From an industry supply and demand perspective, Kysec Research believes that July itself is already in the core period of the supply contraction window. After retail investors oversell large pigs, their intention to buy pigs at low prices may fail and become a further force driving pig price increases. Pig supply contraction in Q3 2025 has arrived, and the pig price center is expected to rise month by month.
From a policy perspective, Huafu Securities points out that this round of policy regulation may accelerate the exit of inefficient capacity in the industry, with long-term pig price centers expected to rise, and cost-leading enterprises expected to obtain excess returns.
A research report states that as of August 18, the national average pig price was 13.55 yuan/kg, down 0.21 yuan/kg from the previous week, with prices continuing to decline throughout the week and hitting new annual lows. Recently, supply-side capacity release has been active, but demand reception has been weak. In the short term, pig supply in the second half of 2025 has been determined by capacity from the second half of 2024 to the first half of 2025. During this stage, breeding stock inventory and newborn piglet quantities have both increased month-over-month, with supply pressure expected to be significant in the second half of 2025, especially in Q4. Policy support may slow the pace of pig price decline. The concentrated effect of policies may not appear until the second half of 2026, when pig price centers are expected to rise.
Related concept stocks:
DEKON AGR (02419): DEKON AGR announced that in July 2025, the company sold 780,200 pigs (including 741,900 commercial meat pigs) with sales revenue of RMB 1.427 billion. In July 2025, the company's average commercial meat pig selling price was RMB 14.21/kg, down 0.70% from June 2025. For the seven months ended July 31, 2025, the company sold a total of 5.8975 million pigs (including 5.5862 million commercial meat pigs) with sales revenue of RMB 11.449 billion.
COFCO JOYCOME (01610): COFCO JOYCOME announced that in June 2025, the company slaughtered 427,000 pigs, with a cumulative total of 2.898 million for the year. Fresh pork sales volume was 24,500 tons, with brand revenue accounting for 33.56% of fresh pork business, and average commercial large pig selling price at 14.08 yuan/kg.

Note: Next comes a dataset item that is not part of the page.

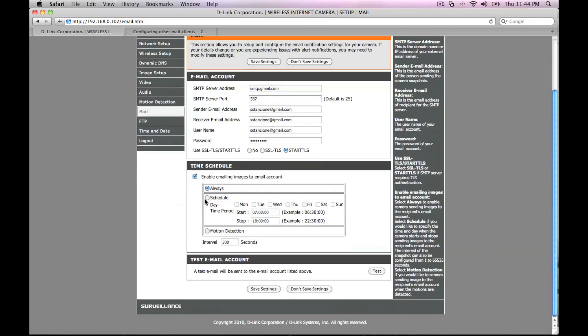In my case, I only want email notifications during the week when I'm at work. Alternatively, you can select always or just any time motions are detected.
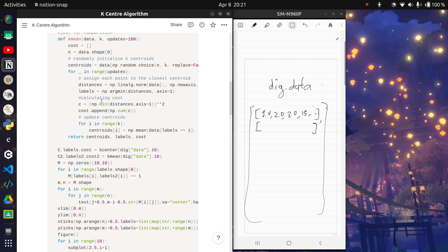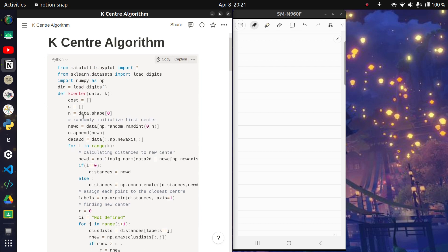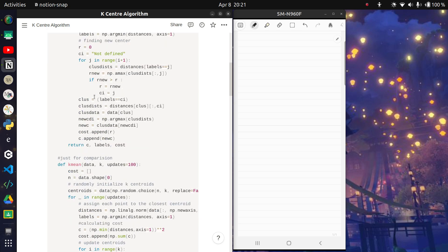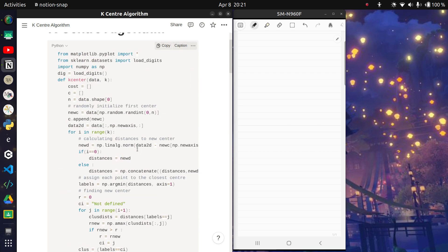We are doing the k-center algorithm, so first we define the function that will do it for us. We put in the data — which in this case will be dig.data — and we also put in a number k. The first point is chosen at random: new_c equals data[np.random.randint(0, n)], which picks a random integer index and gives us the corresponding data point, which is our new center.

WH GROUP (00288): In July, CICC released a research report maintaining WH GROUP's core attributable net profit forecasts of $1.614 billion and $1.683 billion for 2025/2026. The company trades at 8.1/7.8x 2025/2026 P/E; maintaining target price of HK$8.56/share, corresponding to 8.7/8.4x 2025/2026 P/E and nearly 7.8% upside, maintaining outperform rating. The firm expects WH GROUP's Q2 2024 operating profit on a comparable basis to potentially grow in low double digits year-over-year (excluding the impact of government subsidies in Q2 2024 US operations), in line with market expectations.